For this task various QC filters are implemented. The latter includes filters related to:

- doublet score
- number of features per barcode
- mean insert size
- promotor enrichment


## Settings

In [None]:
#Path related settings (these should be the same as for the previous notebook)
output_dir = '/mnt/workspace/jdetlef/ext_ana/processed' # specify the output directory of the processing should be the same in every notebook
test = 'all' # sample name, this should be the same for all the notebooks

## QC Settings

In [None]:
# Set the column in adata.obs containing the biological condition to evaluate
condition_column = "Sample"

# Data inspection
# Set True if the insertsize distribution should be plotted
# If there is no insertsize distribution set this False
plot_insertsize_dist = True

filter_xy = True  # True or False; filtering out chrX and chrY
binarize_mtx = True  # True or False; convert matrix to binary
select_hvf = True  # True or False; select only highly variable features

############################# filters ##########################################

# Decide whether to estimate thresholds individual per condition (False) or globally (True)
global_threshold = True

# Filter to use:
n_features_filter = True # True or False; filtering out cells with numbers of features not in the range defined below
mean_insertsize_filter = True # True or False; filtering out cells with mean insertsize not in the range defined below
filter_pct_fp= False # True or False; filtering out cells with promotor_enrichment not in the range defined below
filter_n_fragments= False # True or False; filtering out cells with promotor_enrichment not in the range defined below
filter_chrM_fragments= False # True or False; filtering out cells with promotor_enrichment not in the range defined below
filter_uniquely_mapped_fragments= False # True or False; filtering out cells with promotor_enrichment not in the range defined


# if this is True thresholds below are ignored 
only_automatic_thresholds = False # True or False; to use automatic thresholds

############################# set default values #######################################
# 
# This will be applied to all samples the thresholds can be changed manually when plotted 
# if thresholds None they are set automatically

# default values n_features 
min_features = 100
max_features = 5000

# default mean_insertsize
upper_threshold_mis=None
lower_threshold_mis=None

# default promotor enrichment
upper_threshold_pct_fp=None
lower_threshold_pct_fp=None

# default number of fragments
upper_thr_fragments=None
lower_thr_fragments=None

# default number of fragments in chrM
upper_thr_chrM_fragments=1000
lower_thr_chrM_fragments=0

# default number of uniquely mapped fragments
upper_thr_um=20000
lower_thr_um=0



## Sum up settings

In [None]:
manual_thresholds = {}
if n_features_filter:
    manual_thresholds['n_features_by_counts'] = {'min' : min_features, 'max' : max_features}

if mean_insertsize_filter:
    manual_thresholds['mean_insertsize'] = {'min' : lower_threshold_mis, 'max' : upper_threshold_mis}

if filter_pct_fp:
    manual_thresholds['pct_fragments_in_promoters'] = {'min' : lower_threshold_pct_fp, 'max' : upper_threshold_pct_fp}

if filter_n_fragments:
    manual_thresholds['TN'] = {'min' : lower_thr_fragments, 'max' : upper_thr_fragments}

if filter_chrM_fragments:
    manual_thresholds['CM'] = {'min' : lower_thr_chrM_fragments, 'max' : upper_thr_chrM_fragments}

if filter_uniquely_mapped_fragments:
    manual_thresholds['UM'] = {'min' : lower_thr_um, 'max' : upper_thr_um}

obs_columns = list(manual_thresholds.keys())

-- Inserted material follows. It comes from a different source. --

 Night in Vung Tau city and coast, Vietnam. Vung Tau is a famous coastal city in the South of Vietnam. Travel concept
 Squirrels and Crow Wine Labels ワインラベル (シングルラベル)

## Loading packages and setup

In [None]:
# sctoolbox modules
import sctoolbox.atac_tree as sub_tree
import sctoolbox.creators as cr
import sctoolbox.annotation as an
from sctoolbox.qc_filter import *
from sctoolbox.plotting import *
from sctoolbox.atac_utils import *
import sctoolbox.atac as atac
# import episcanpy
import scanpy as sc
import episcanpy as epi
import numpy as np

## Setup path handling object 

In [None]:
# make an instance of the class
tree = sub_tree.ATAC_tree()
# set processing/output directory
tree.processing_dir = output_dir
# set sample/experiment.. 
tree.run = test

## Load anndata 

In [None]:
# probably updated in future
assembling_output = tree.assembled_anndata
adata = epi.read_h5ad(assembling_output)
adata

In [None]:
adata.var 

In [None]:
if plot_insertsize_dist:
    atac.plot_insertsize(adata)

# QC

## 1. filtering out chrX, chrY and chrM

In [None]:
non_m = [name for name in adata.var_names if not name.startswith('chrM')]  # remove chrM
adata = adata[:, non_m]

In [None]:
if filter_xy:
    non_xy = [name for name in adata.var_names if not name.startswith('chrY') | name.startswith('chrX')]
    adata = adata[:, non_xy]

In [None]:
display(adata)

## 2. removing empty cells

In [None]:
epi.pp.filter_cells(adata, min_features=1)
# log-convert number of features
adata.obs['log_nb_features'] = [np.log10(x) for x in adata.obs['nb_features']]
display(adata)

## 3. binarize

In [None]:
adata.raw = adata
if binarize_mtx:
    epi.pp.binarize(adata)
    adata.layers['binary'] = adata.X.copy()

## 5. visualize adata

In [None]:
adata.var

In [None]:
# plot_ov_hist(adata, threshold_features=50) # FIXME: Later plots do not visualize
epi.pp.filter_features(adata, min_cells=1)
epi.pp.filter_cells(adata, min_features=1)
epi.pp.coverage_cells(adata, binary=True, log=False, bins=50)
epi.pp.coverage_cells(adata, binary=True, log=10, bins=50)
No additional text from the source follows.